Similar dose adjustments should be considered in patients with renal impairment when ritonavir is used as a pharmacokinetic enhancer with other HIV protease inhibitors, including atazanavir and saquinavir (see Two-Way Drug Interactions section below).

Effect of clarithromycin on other drugs.

CYP3A-based interactions

Co-administration of clarithromycin, which is known to inhibit CYP3A, and a drug primarily metabolized by CYP3A may be associated with increases in drug concentrations that may ameliorate or prolong the therapeutic and adverse effects of the co-administered drug.

The use of clarithromycin is contraindicated in patients receiving the CYP3A substrates astemizole, cisapride, domperidone, pimozide, and terfenadine due to the risk of QT prolongation and cardiac arrhythmias, including ventricular tachycardia, ventricular fibrillation, and incision 4.3 and trunk incision (4.3 ). .

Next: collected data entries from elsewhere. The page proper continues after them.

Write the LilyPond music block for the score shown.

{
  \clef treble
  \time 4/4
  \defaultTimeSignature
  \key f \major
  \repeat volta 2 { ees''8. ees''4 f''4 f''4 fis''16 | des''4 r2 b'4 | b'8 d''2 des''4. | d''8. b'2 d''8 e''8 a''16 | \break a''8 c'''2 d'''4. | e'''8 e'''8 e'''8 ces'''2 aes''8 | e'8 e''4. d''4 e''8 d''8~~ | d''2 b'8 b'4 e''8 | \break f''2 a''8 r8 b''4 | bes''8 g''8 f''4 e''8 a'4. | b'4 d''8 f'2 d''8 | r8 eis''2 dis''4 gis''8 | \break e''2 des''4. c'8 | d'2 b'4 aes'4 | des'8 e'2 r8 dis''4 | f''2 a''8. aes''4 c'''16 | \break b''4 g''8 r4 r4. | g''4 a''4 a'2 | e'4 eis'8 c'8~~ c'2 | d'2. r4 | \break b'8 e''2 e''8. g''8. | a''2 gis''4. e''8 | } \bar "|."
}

The use of clarithromycin is also contraindicated with ergot alkaloids, oral midazolam, inhibitors of HMG-CoA reductase metabolized primarily by CYP3A4 (eg lovastatin and simvastatin), colchicine, ticagrelor, and ranolazine (see section 43).

Caution is advised if clarithromycin is co-administered with other drugs known to be substrates of the CYP3A enzyme, especially if the CYP3A substrate has a narrow safety margin (eg, carbamazepine) and/or the substrate is extensively metabolized by it. enzyme. Dose adjustments may be considered and, where possible, serum concentrations of drugs primarily metabolized by CYP3A should be closely monitored in patients receiving concomitant clarithromycin. Drugs or drug classes known or suspected to be metabolized by the same CYP3A isoenzyme include (but this list is not complete) alprazolam, carbamazepine, cilostazol, cyclosporine, disopyramide, ibrotinib, methadone, methylprednisolone, midazolam (intravenous ), anticoagulants (eg, warfarin, rivaroxaban, apixaban), atypical antipsychotics (eg, quetiapine), quinidine, rifabutin, sildenafil, sirolimus, tacrolimus, triazolam, and vinblastine.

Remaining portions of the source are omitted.